▸ What you need to do: Once the line holding "animal_ears, animal_hug, beanie" appears, repeat it and each line after it to the end of the data, exactly and with nothing else; pictures stay out.

▸ Information provided:
--------------------------------

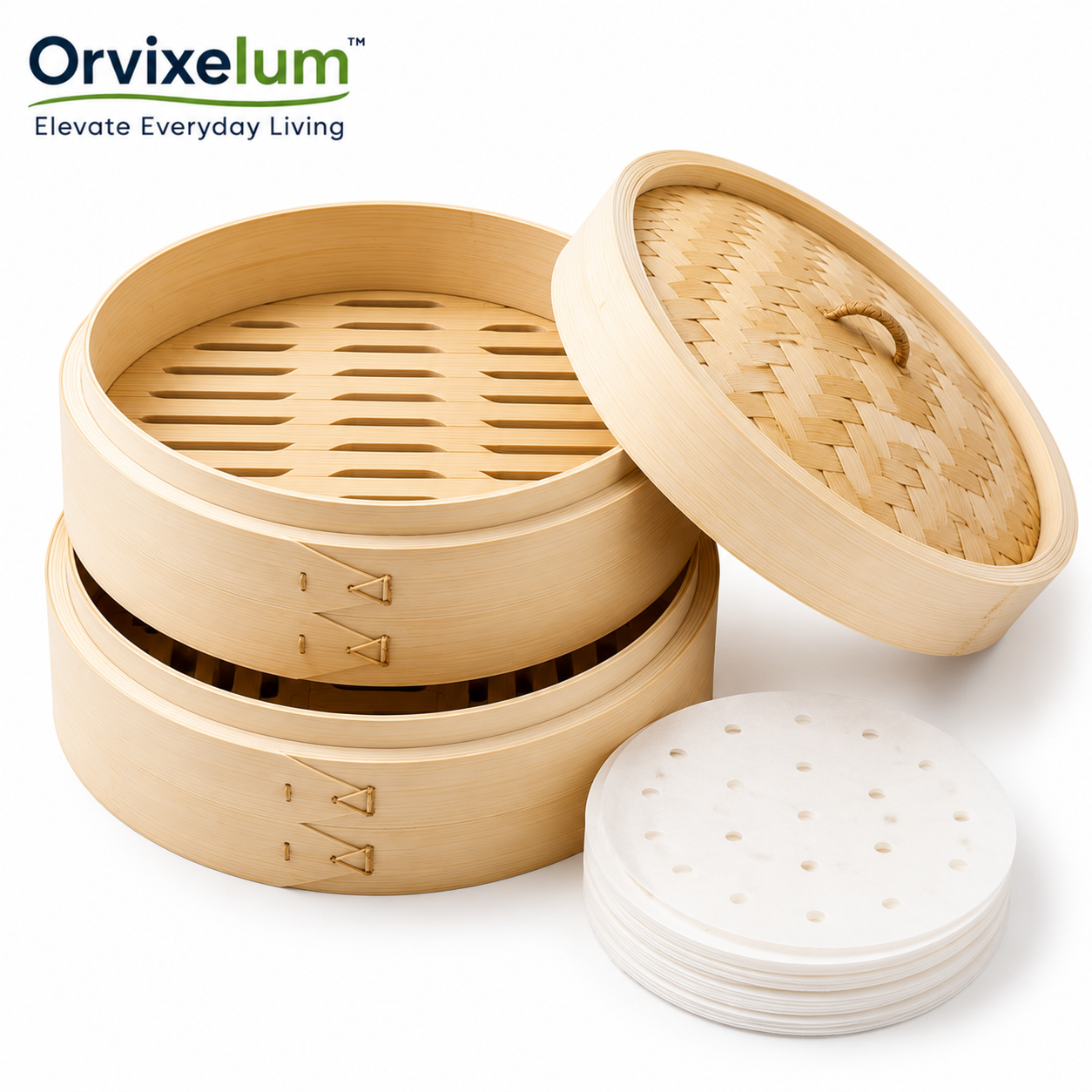 Orvixelum™ SteamFlow Bamboo Steamer Basket Set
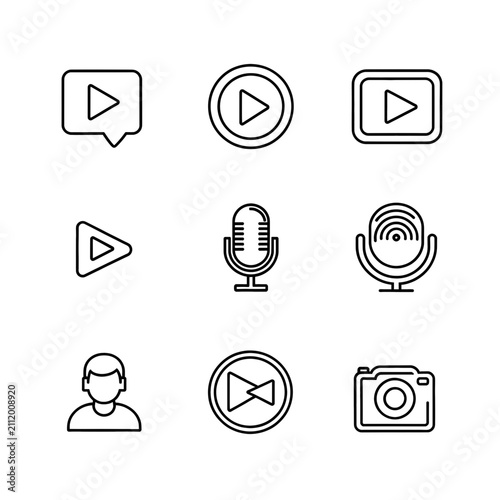 Content Creator Media Line Icons Set with Video Camera Microphone Profile and Play Button Vector Collection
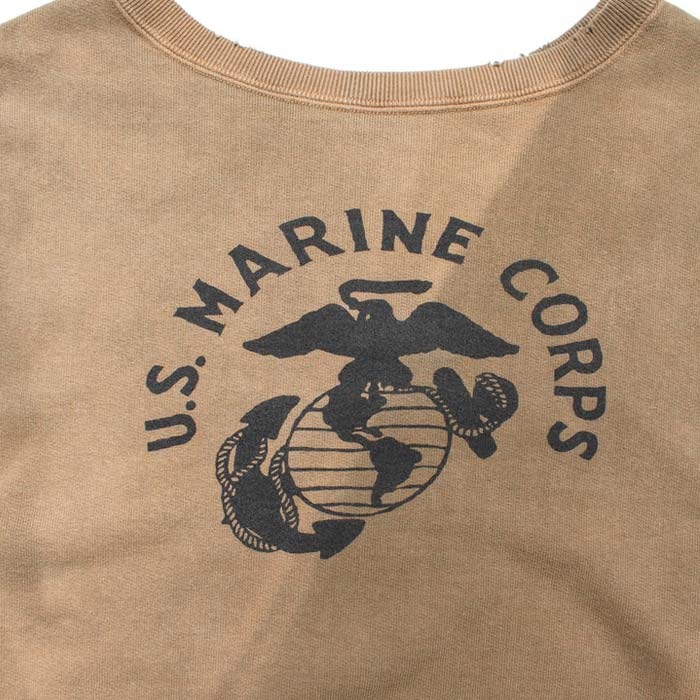 バウワウ BW241-UMSSS USMC SS SWEAT SHIRTS コヨーテ サンバーン メンズ 半袖 プリント スウェット ミリタリー 日焼け加工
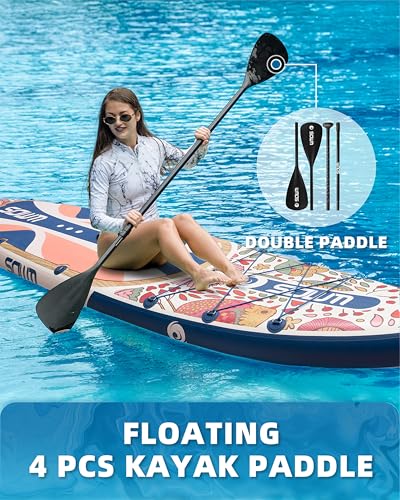 Image of 11'*33 inch /34 inch Inflatable Stand Up Paddle Board for Beginners,400 /420lbs Capacity, Anti-Slip EVA Deck, Includes Adjustable Paddle, Pump, Backpack & SUP Accessories for Surfing, Fishing, Yoga & More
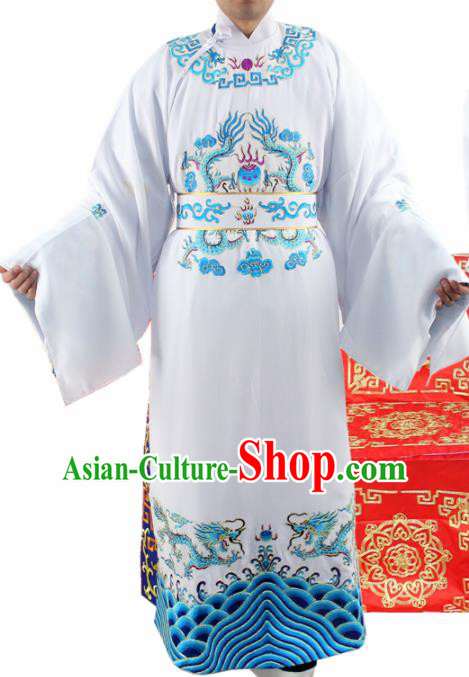 Chinese Ancient Number One Scholar Embroidered Blue Dragon Robe Traditional Peking Opera Niche Costume for Men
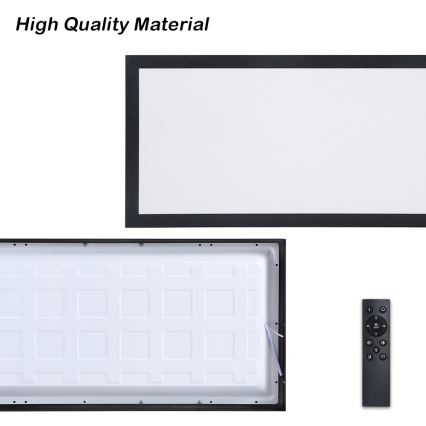 Brilagi - LED prigušiva plafonska svetiljka za kupatilo FRAME SMART LED/30W/230V 30x60 cm 3000-6000K IP44 crna + daljinski upravljač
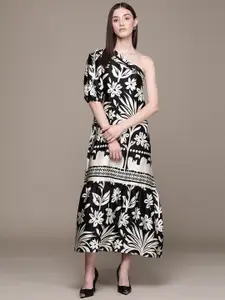 MANGO Floral Print One-Shoulder Puff Sleeve Satin Maxi Dress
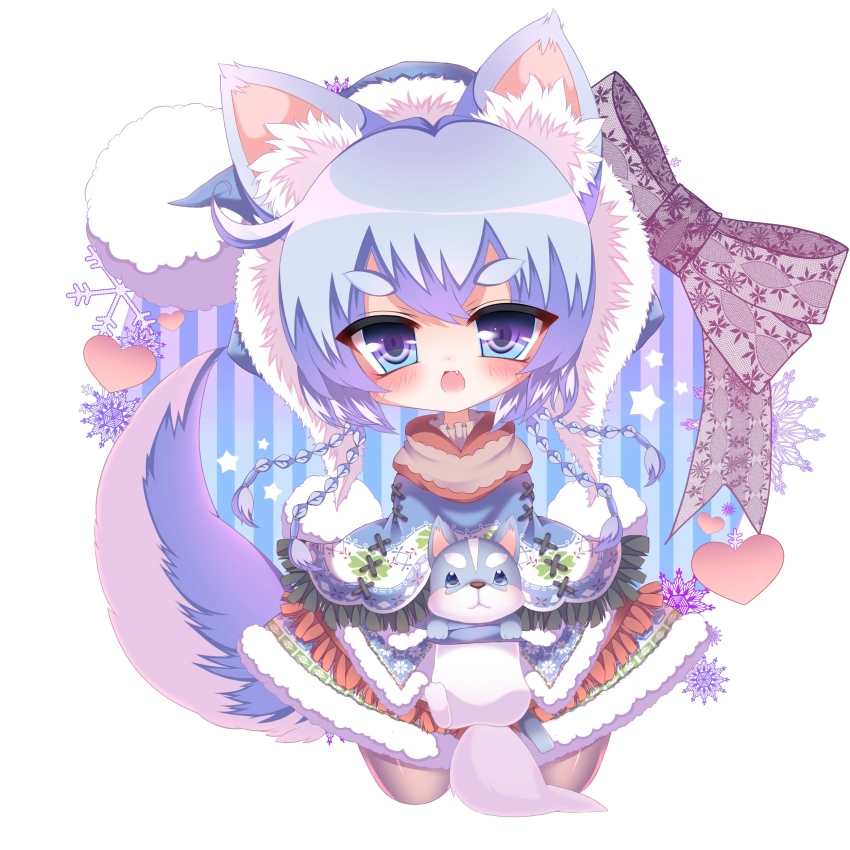 1girl, :d, absurdres, animal, animal_ear_fluff, animal_ears, animal_hug, beanie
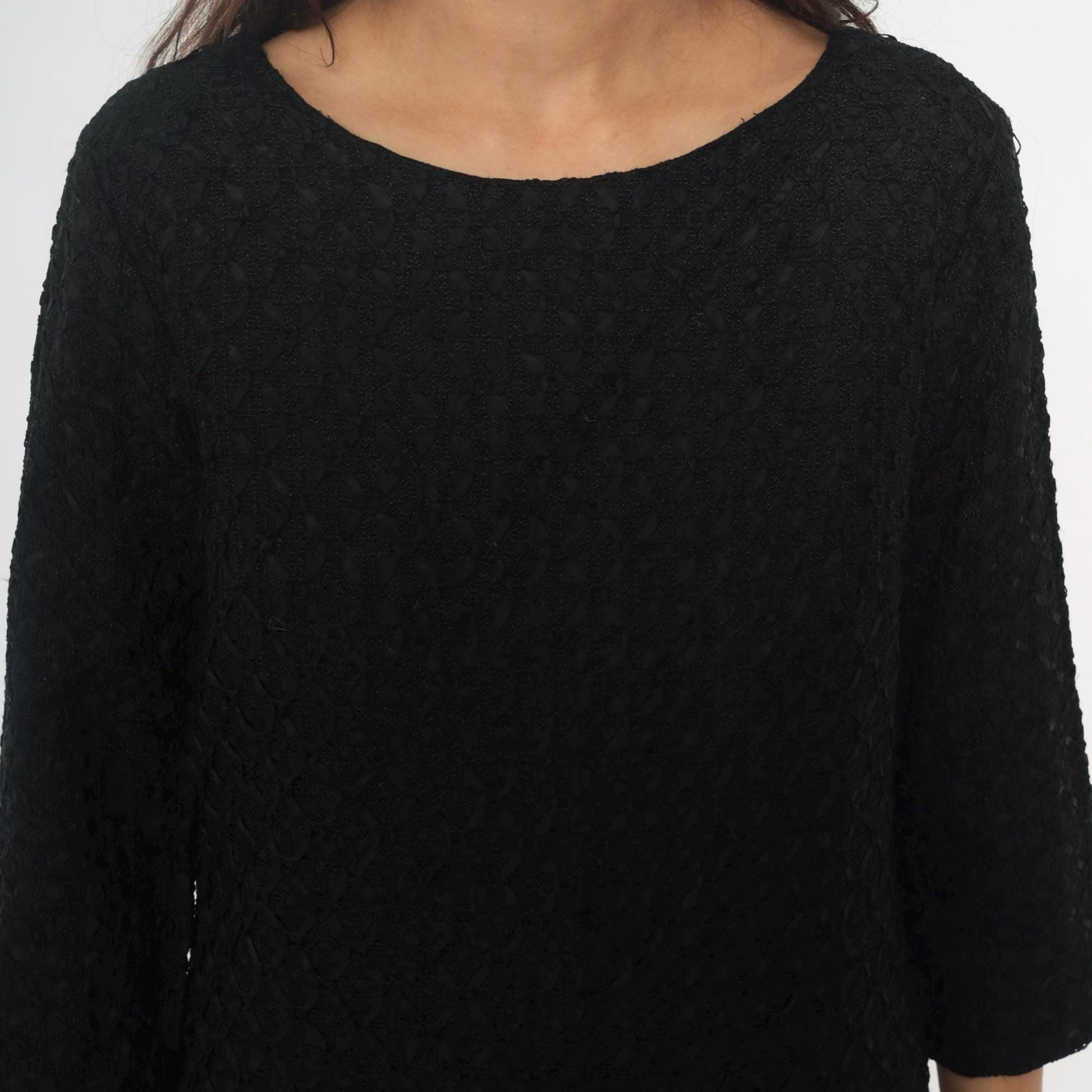 60s Black Shift Dress Boucle Boat Neckline Three-Quarter Sleeve Medium M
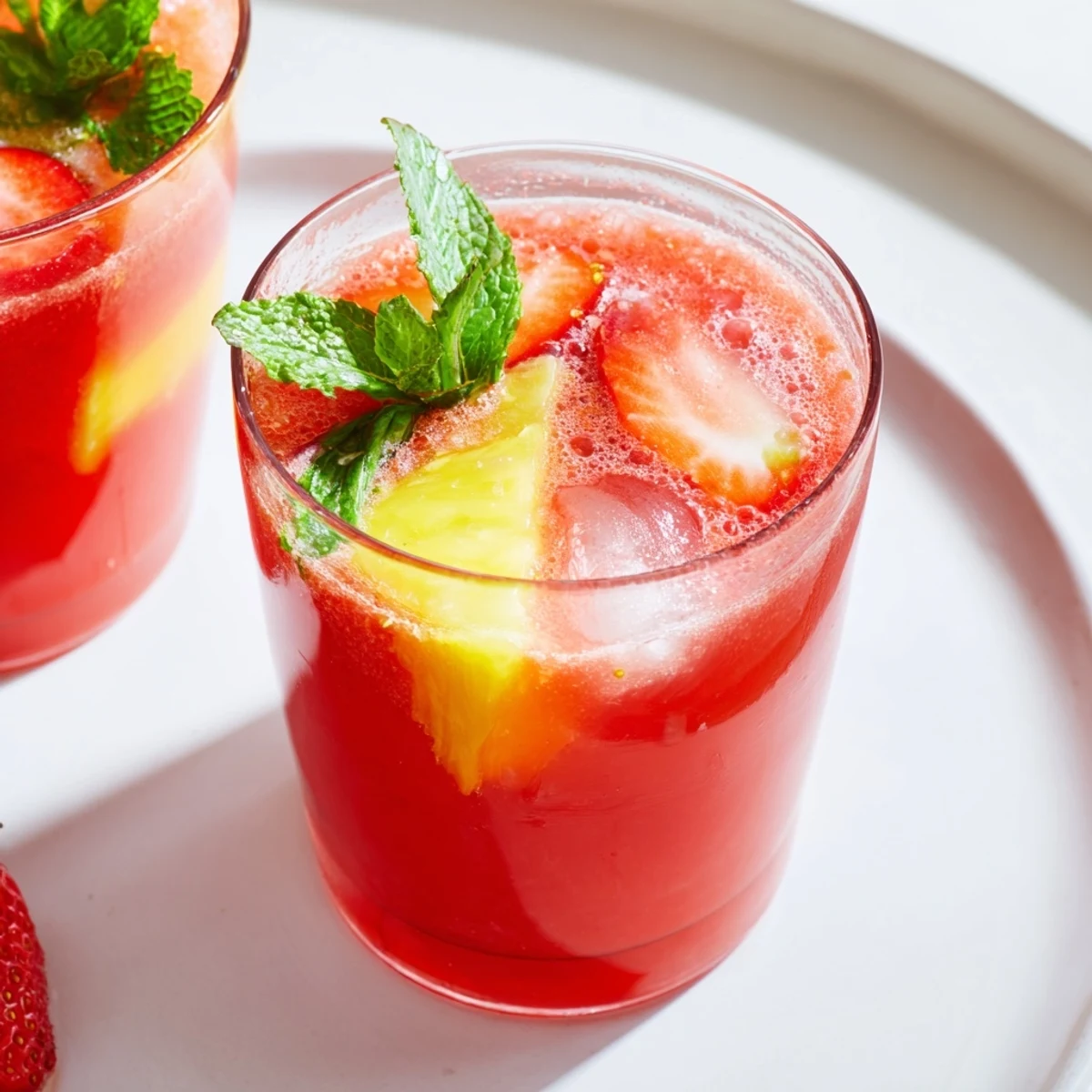 Easy-to-make, bubbly fruit refresher drinks featuring fresh fruit purees, ready to serve with mint.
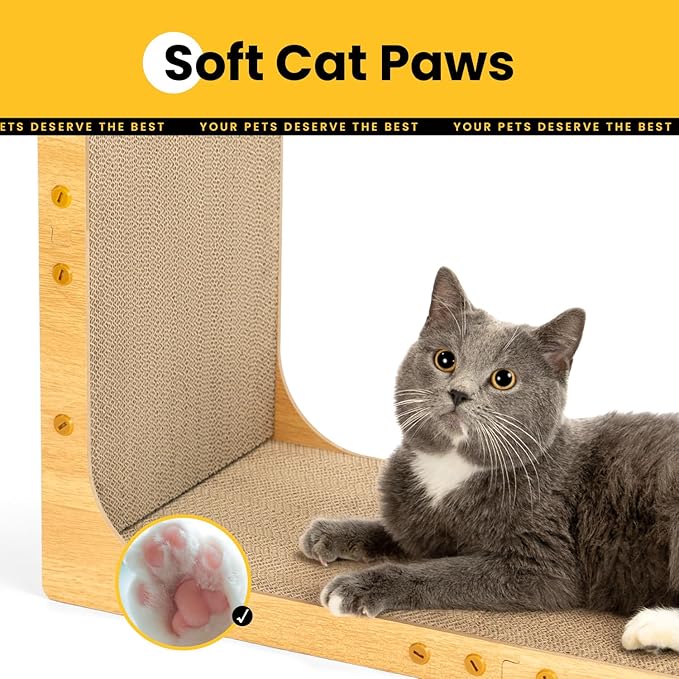 Cardboard Cat Scratcher, 26" L-Shaped Scratch Pad, Vertical Wall-Leaning Scratching Board to Protect Furniture for Indoor Cats,Wood Grain Jumbo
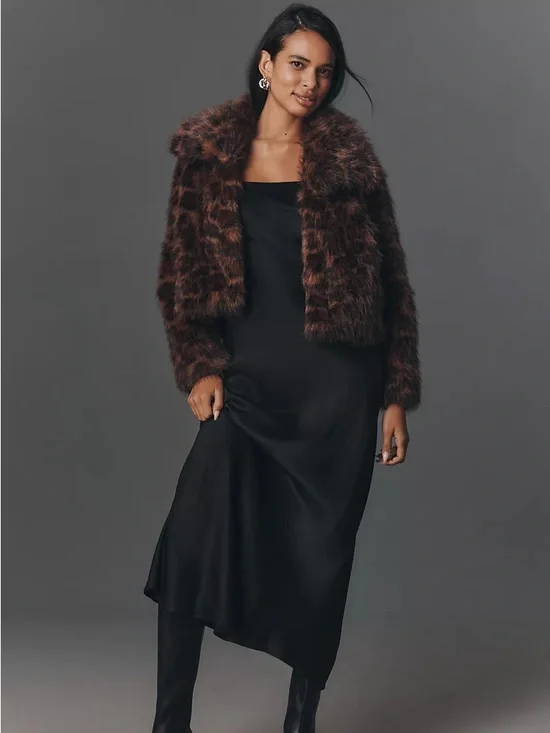 Anthropologie NVLT Faux Fur Crop Jacket - Picture 6 of 9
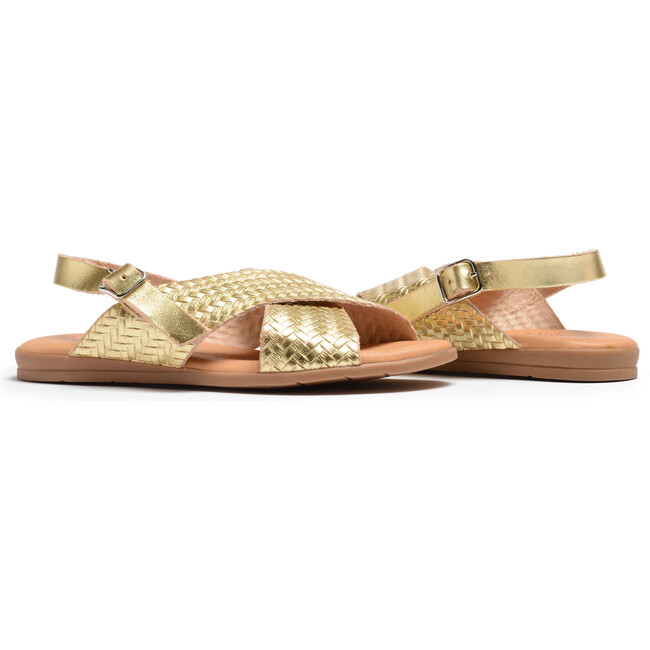 Braided Leather Sandals, Metallic Gold - Sandals - 1
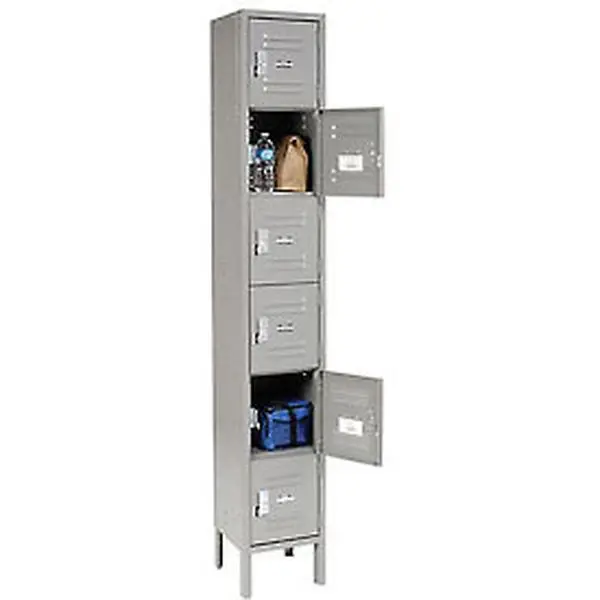 Global Industrial 652056GY 12 x 15 x 12 in. Six Tier Global Locker with 6 Door Ready to Assemble, Gray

--------------------------------

▸ Expected answer:
 1girl, :d, absurdres, animal, animal_ear_fluff, animal_ears, animal_hug, beanie
 60s Black Shift Dress Boucle Boat Neckline Three-Quarter Sleeve Medium M
 Easy-to-make, bubbly fruit refresher drinks featuring fresh fruit purees, ready to serve with mint.
 Cardboard Cat Scratcher, 26" L-Shaped Scratch Pad, Vertical Wall-Leaning Scratching Board to Protect Furniture for Indoor Cats,Wood Grain Jumbo
 Anthropologie NVLT Faux Fur Crop Jacket - Picture 6 of 9
 Braided Leather Sandals, Metallic Gold - Sandals - 1
 Global Industrial 652056GY 12 x 15 x 12 in. Six Tier Global Locker with 6 Door Ready to Assemble, Gray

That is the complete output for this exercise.